Analysts interviewed by the Yemeni American News expressed scepticism over the ability of the Houthi-Saudi talks – which have received explicit support from the United States – to produce lasting peace.
Still, there is hope that the negotiations can ease Yemenis’ suffering and treat some of the issues plaguing the country.
Direct contact between the Houthis and Riyadh comes as the kingdom strengthens its detente with Iran.
Mohammed Abd al-Wahhab al-Shibani, the editor of Khuyut media outlet, said the negotiations could lead to some power-sharing agreements between the local Yemeni sides, but that would merely kick the can down the road until the next crisis.
“That’s because it is not addressing the roots of the problem and asking why the war was started and who caused it,” al-Shibani told the Yemeni American News.
“Saudi Arabia is pursuing these talks to get out of the crisis it got itself into with its reckless policies throughout the years of the war.”
He added that the kingdom’s approach is based on producing weak allies and followers rather than strong partners.
Al-Shibani hit out at what he called “the same sterile visions” that drove the kingdom’s policies in its impoverished neighbor, which turned Yemen “into a dumping ground for Saudi Arabia’s political waste and religious extremism for half a century”.
He noted that Saudi Arabia sponsored the 1970 agreement that ended the brutal eight-year war between republicans and royalists.
“That led to splitting the government between the various warring sides, and one of the results of this power-sharing scheme was the sparking political feuds and coups until we got to the big explosion that will continue to haunt Yemenis at every turn if its root causes are not treated,” al-Shibani said.
Asked about the role of the internationally recognized Yemeni government, al-Shibani added: “It remains far from administering public affairs – politically and militarily – because the government never had the ability to make its own independent decision.
“Its entire structure consists of contradictory sides that were brought together by the Saudi-led coalition. All of its major decisions, including the war, were taken for it by its various sides’ patrons.”
But al-Shibani said there appears to be an international will – driven primarily by the United States – to end the war and produce a settlement.
He said that ahead of the 2024 US elections, President Joe Biden and his Democratic Party want to tout Yemen as foreign policy success by producing relative calm and ensuring that the energy market in the Middle East is not rattled by the conflict amid the ongoing war in Ukraine.
Indeed, the Biden administration welcomed the Saudi-Houthi talks earlier this month.
“President Biden, from his first weeks in office, has made de-escalating and ending the war in Yemen one of his top foreign policy priorities,” US National Security Adviser Jake Sullivan said in a statement, adding that Washington has been “proud” to support the peace process in Yemen in coordination with the UN.

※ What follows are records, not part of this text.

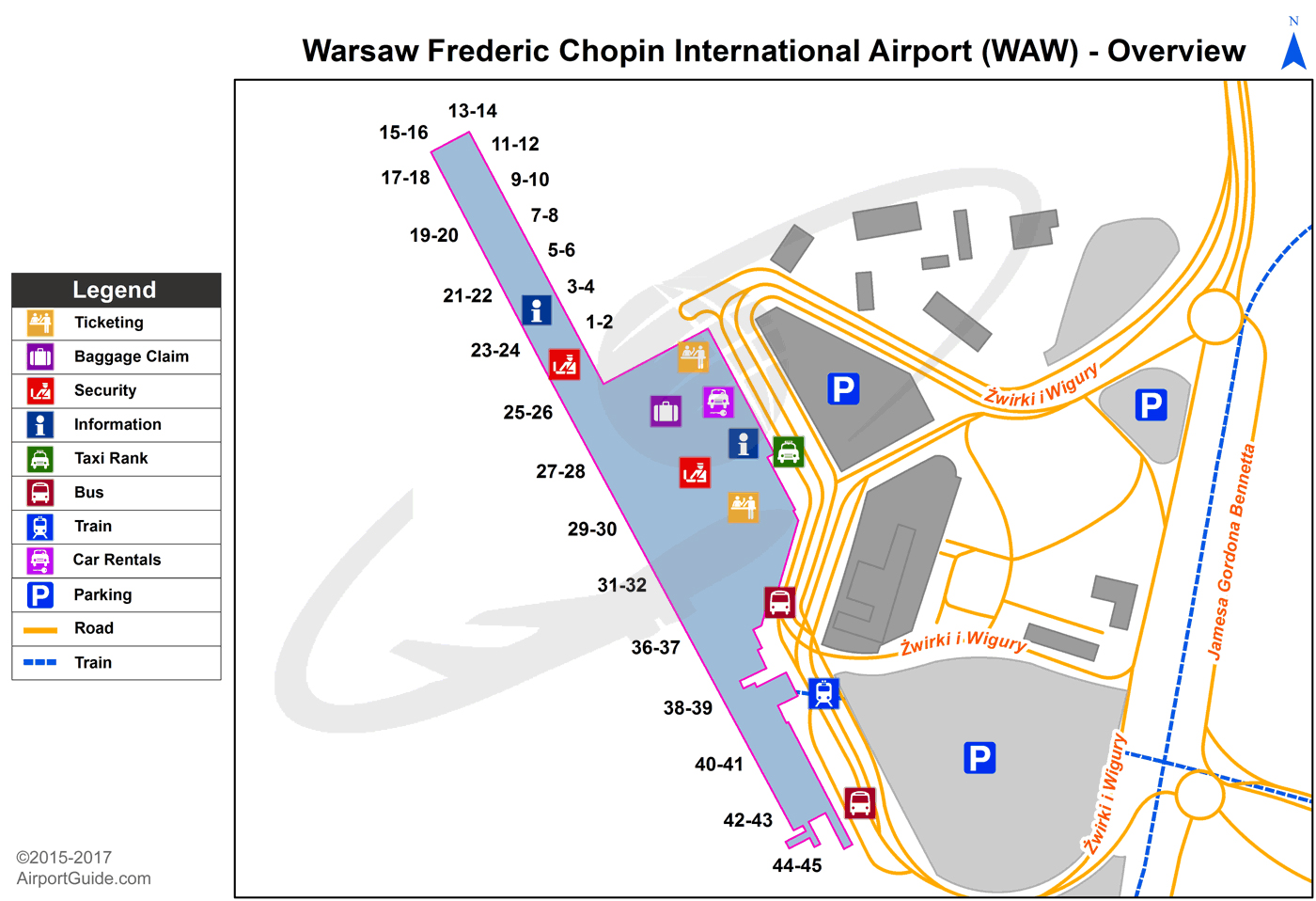 Sân bay quốc tế Ba Lan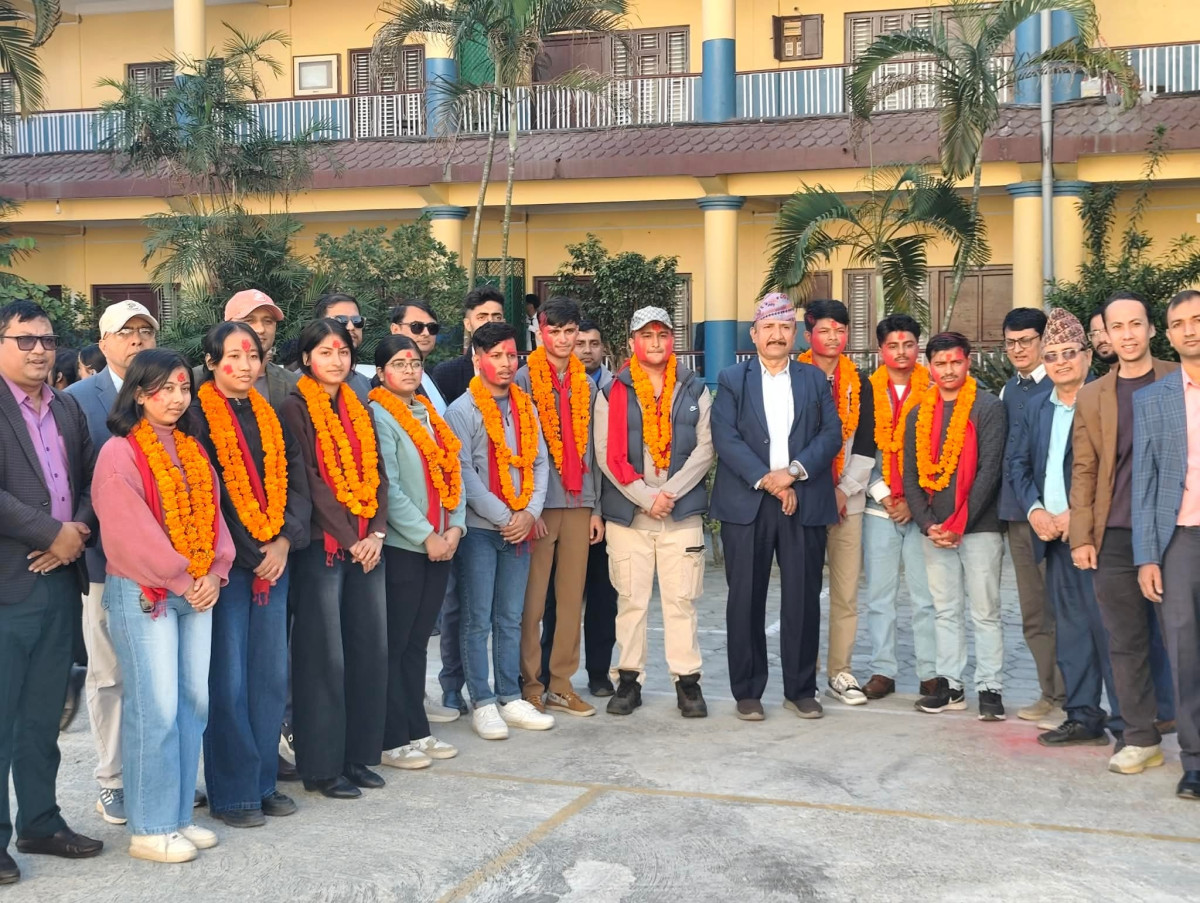 नेपाल प्रथमसहित मणिमुकुन्दका १३ जनालाई उच्च शिक्षामा पूर्ण छात्रवृत्ति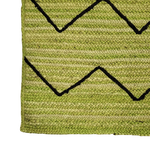 Green Hilly Natural Jute Rug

“We commend the leadership of Saudi Arabia for this current initiative and thank the leadership of Oman for its important role. We call on all parties to this terrible conflict to further solidify and expand on the benefits of the truce that has brought a measure of peace to the Yemeni people, and ultimately bring this war to an end.”
ِِAbdulkareem Ghanem, a political scientist, said – at best – the negotiations will revive talks over non-political issues, including paying public sector employees, lifting the blockade on cities, allowing import through ports and more prisoner swaps.
“The talks lack some key elements, especially the absence of the internationally recogized Yemeni government, whose position today is entirely following its Saudi allies. The government does not have a margin to make its own decisions away from Riyadh’s agenda,” he said.
“The Kingdom of Saudi Arabia views the government as an employee that cannot reject what Riyadh orders regardless of considerations for Yemen’s interests and civil peace.”
He added that the negotiations are proceeding according to what benefits Saudi national security as well as the demands of the Houthis.
He noted that the Houthis sought direct negotiations with Riyadh to simplify the war as transnational, when at its core, it is a civil conflict that started with the rebels’ coup against the legitimate government.
“And so, it is unlikely that the talks will lead to permanent peace inside Yemen,” Ghanem said.